Despite the score, don't get carried away with the idea this was a one-sided game. The difference between the teams was Rob Jones, a compact, mobile striker, who scored twice and set up the third goal as New Marske maintained their title challenge at the expense of an industrious Jarrow side also in form and well up the table. The rivals meet again at Gurney Street this weekend in the semi-finals of the Monkwearmouth Charity Cup, one of New Marske's trophy triumphs in 2007-08. The contest may not be as tight on Saturday because several of the Jarrow lads are off to Holland for a stag do. The wacky world of non-league football.
 
Jones broke the deadlock in the ninth minute when he made the most of a clever pass from skipper Nicky Ward by shaking off his marker and firing a low, angled drive across keeper Gary Rogers and into the far bottom corner. Jarrow were on top for much of the rest of the first half. Chris Lynn directed a downward header inches wide of an upright, captain Andrew Barclay somehow sliced wide with only keeper Justin Hutchinson to beat, and Liam Clark was fractionally too high with a powerful volley. A lively contest was given a bit more spice when a couple of spiteful challenges involving home defender Mark Lilley sparked a bout of pushing and shoving. Just like a Saturday night, but without pints in hand. 
 
New Marske, playing for the first time in five weeks, had the clearest chances early in the second half. Daniel Wilkinson's goalbound drive was deflected wide by a defender's leg, and Peter Henderson cleared a close-range Jones prod off his own line. A full-back on his post at a corner.
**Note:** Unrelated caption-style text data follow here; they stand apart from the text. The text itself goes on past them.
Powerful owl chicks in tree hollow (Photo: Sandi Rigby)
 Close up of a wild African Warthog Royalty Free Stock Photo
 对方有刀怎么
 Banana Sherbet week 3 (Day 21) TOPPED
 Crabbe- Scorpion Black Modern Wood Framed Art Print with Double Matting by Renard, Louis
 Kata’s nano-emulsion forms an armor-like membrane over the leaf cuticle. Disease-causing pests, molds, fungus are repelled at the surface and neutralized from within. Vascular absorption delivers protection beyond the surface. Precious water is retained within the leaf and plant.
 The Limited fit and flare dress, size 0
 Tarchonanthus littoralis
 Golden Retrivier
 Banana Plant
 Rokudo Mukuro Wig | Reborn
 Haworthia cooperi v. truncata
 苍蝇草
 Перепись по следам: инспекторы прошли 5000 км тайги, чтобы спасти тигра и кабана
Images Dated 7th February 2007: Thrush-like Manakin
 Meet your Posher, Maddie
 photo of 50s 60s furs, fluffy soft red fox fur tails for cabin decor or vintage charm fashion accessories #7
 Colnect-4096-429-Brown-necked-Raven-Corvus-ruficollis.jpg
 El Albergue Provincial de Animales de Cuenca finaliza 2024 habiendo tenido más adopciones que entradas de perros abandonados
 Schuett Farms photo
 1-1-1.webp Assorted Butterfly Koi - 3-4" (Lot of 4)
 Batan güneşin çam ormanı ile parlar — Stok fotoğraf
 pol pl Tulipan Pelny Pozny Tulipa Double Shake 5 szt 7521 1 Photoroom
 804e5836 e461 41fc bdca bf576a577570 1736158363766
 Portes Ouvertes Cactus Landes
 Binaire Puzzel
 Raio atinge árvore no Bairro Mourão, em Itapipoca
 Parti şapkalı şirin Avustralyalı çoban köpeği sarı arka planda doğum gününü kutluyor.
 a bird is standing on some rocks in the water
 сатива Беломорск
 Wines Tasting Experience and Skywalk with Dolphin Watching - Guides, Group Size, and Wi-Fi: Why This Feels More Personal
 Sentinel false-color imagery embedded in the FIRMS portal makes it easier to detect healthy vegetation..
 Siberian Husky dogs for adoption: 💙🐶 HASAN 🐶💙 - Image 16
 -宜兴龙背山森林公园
Bravo. The clincher arrived with 17 minutes left. Jones engineered space on the left side of the box and his lofted drive from 12 yards flew over Rogers and into the top corner. Team-mate Jamie Dewing blazed wastefully over in a one-on-one before, in the 85th minute, substitute Steve Hodgson rammed a follow-up past the Jarrow keeper at the second time of asking after Jones had rattled the underside of the crossbar with a 20-yard thunderbolt. Just to prove it really wasn't Jarrow's day, when a consolation goal looked certain, Daryl Turnbull's weak finish was cleared off the line by Philip Rees.
 
You get the impression New Marske have outgrown the Wearside League. Once their stands and floodlights are up, they will be well placed to join neighbours Marske United, beaten in the FA Vase quarter-finals on this same afternoon, in the Northern League, goal for so many smaller clubs in the region. New Marske's string of junior teams should provide all the talent the senior XI needs. With Teesside Athletic, based in nearby Redcar, another local club on the up and also aiming for the holy grail of the Northern League, the outlook appears bright for this hotbed of football by the sea.